The Shenehon Center for Real Estate at the University of St. Thomas’ Opus College of Business released its first Minneapolis St. Paul Residential Real Estate Index. The monthly index uses nine data elements to measure the strength and health of the residential housing market in the 13-county metro market.
The St. Thomas index was developed to provide a more detailed analysis of the Twin Cities residential real estate market than is available from the Standard and Poor’s Case-Shiller Home Price Index.
The widely used Case-Shiller index uses data from repeat sales of single-family homes. It does not distinguish, however between a traditional, normal market sale and a distressed sale. Traditional sales are those unaffected by foreclosure or the threat of foreclosure.

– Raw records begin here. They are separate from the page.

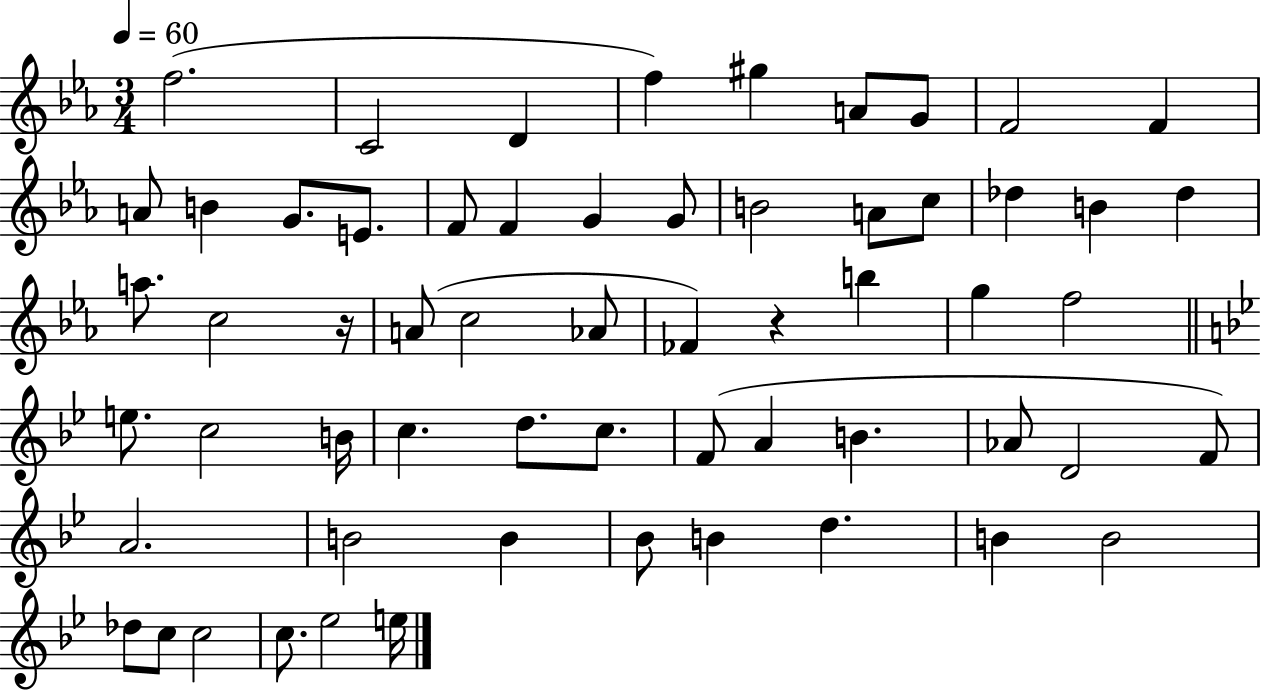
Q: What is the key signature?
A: EES major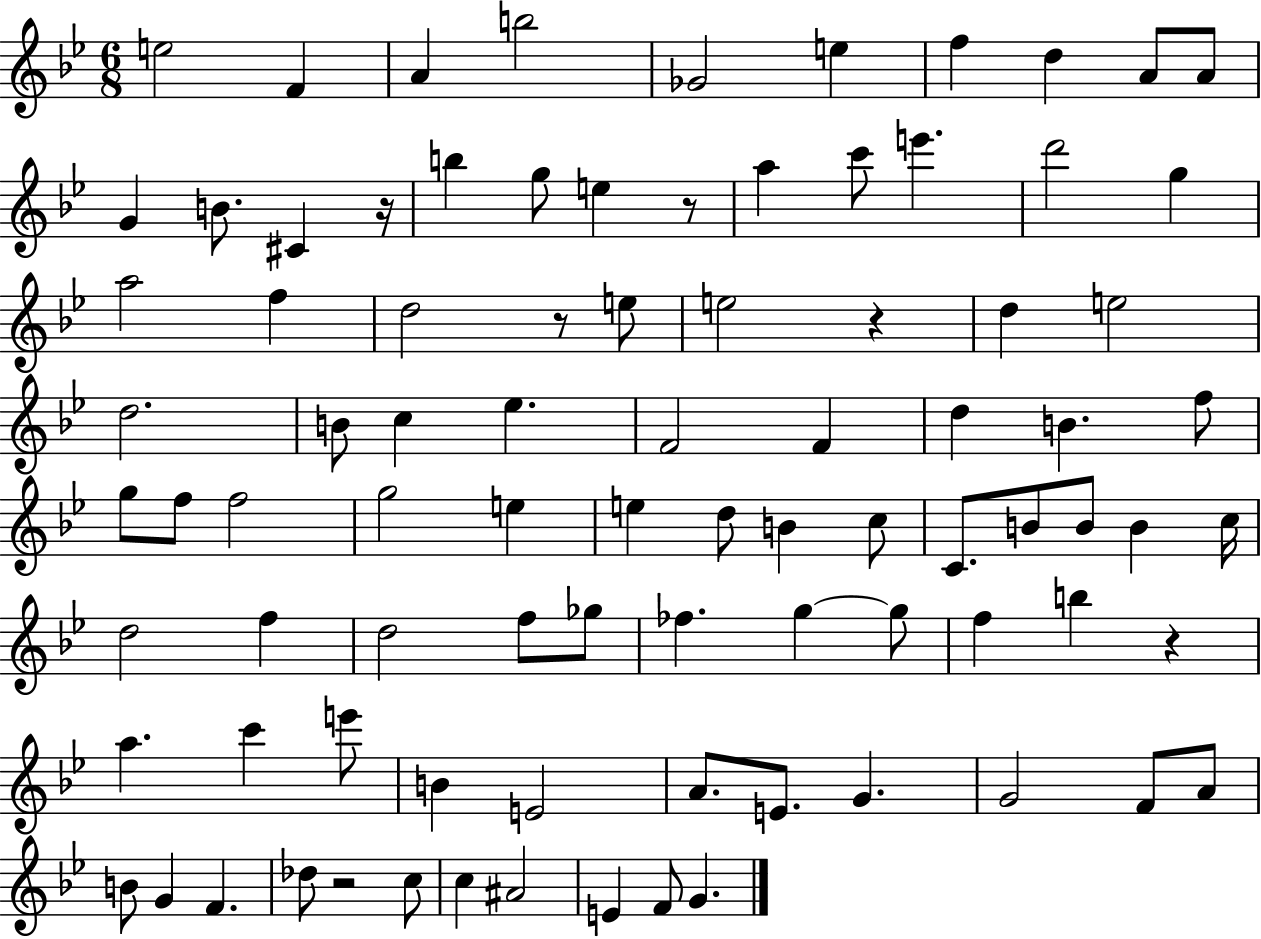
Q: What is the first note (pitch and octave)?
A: E5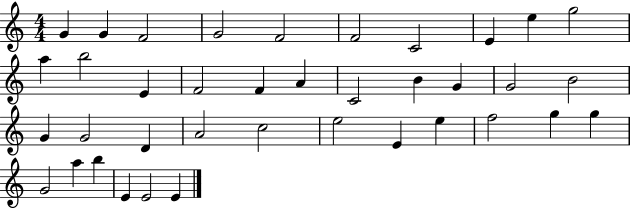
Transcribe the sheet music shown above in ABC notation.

X:1
T:Untitled
M:4/4
L:1/4
K:C
G G F2 G2 F2 F2 C2 E e g2 a b2 E F2 F A C2 B G G2 B2 G G2 D A2 c2 e2 E e f2 g g G2 a b E E2 E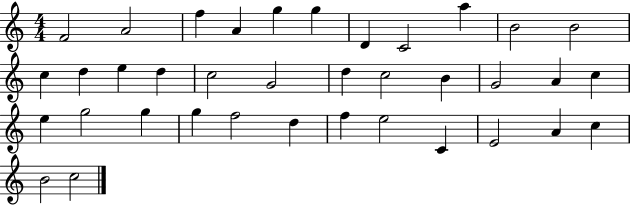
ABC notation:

X:1
T:Untitled
M:4/4
L:1/4
K:C
F2 A2 f A g g D C2 a B2 B2 c d e d c2 G2 d c2 B G2 A c e g2 g g f2 d f e2 C E2 A c B2 c2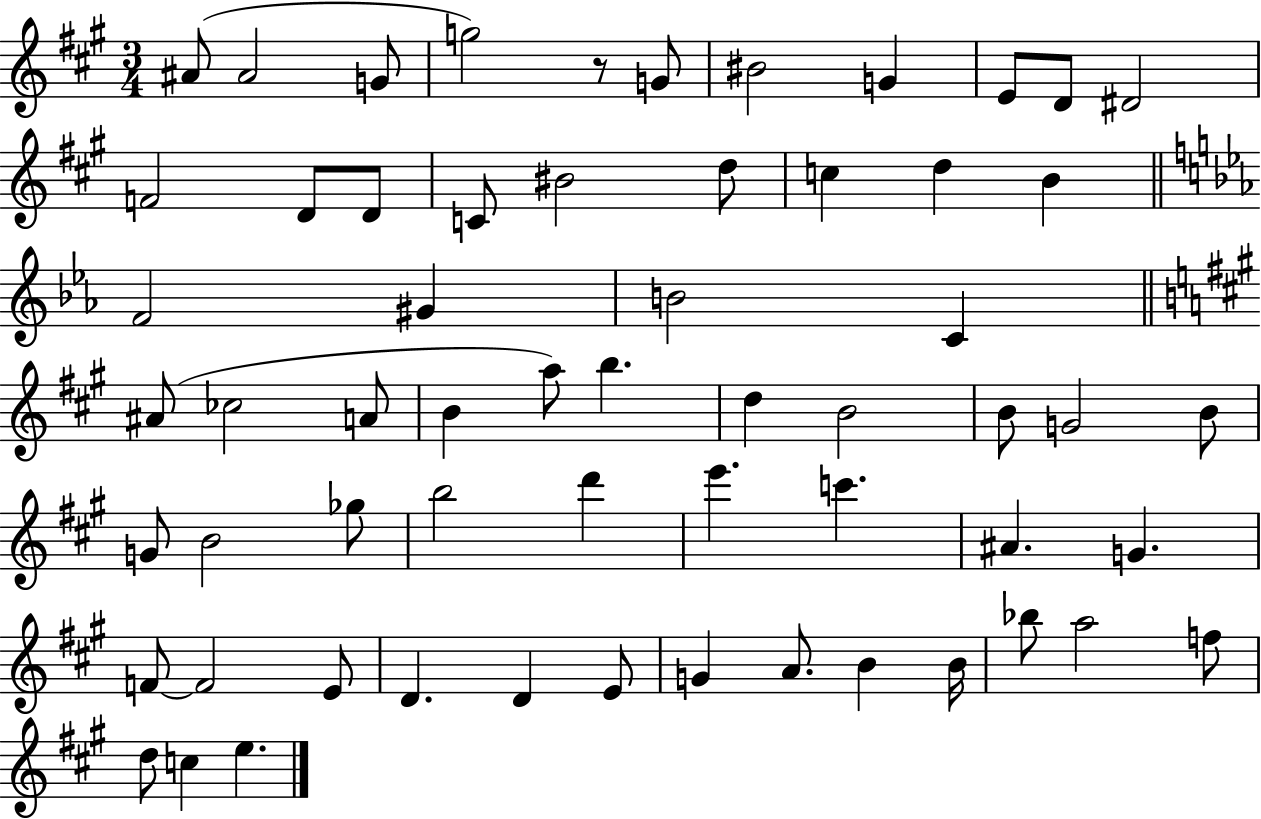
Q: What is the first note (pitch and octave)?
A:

“The St. Thomas index is the first of its kind that we are aware of,” said Herb Tousley, director of real estate programs at St. Thomas. “In recent years we knew that the price had dropped for traditional, undistressed home sales, but we also felt that traditional-sale prices had not dropped as sharply as the Case-Shiller Index would seem to indicate.”
“We decided to create a more detailed index that differentiates between traditional sales and distressed sales. It also accounts for the proportion of distressed sales in the Twin Cities area.”
St. Thomas’ monthly real estate report contains four composite index scores. In addition to an overall index based on all home sales in the Twin Cities, there are separate scores for traditional sales, foreclosure sales and short sales.
St. Thomas’ first report shows that if you own a home or are selling a home that is not distressed, the value has not been impacted as much as less-detailed market data might indicate.
While the selling price of a home is a key component of the St. Thomas index, other factors contribute to the composite score: the number of closed sales, the proportion of distressed to traditional sales, days on the market, month’s supply, number of pending sales, number of new listings, number of homes for sale, and the sale price as a percentage of the asking price.
To allow month-to-month comparisons of residential real estate trends in the Twin Cities, St. Thomas assigned the baseline value of 1,000 to January 2005, a month that was near the apex of the residential housing bubble.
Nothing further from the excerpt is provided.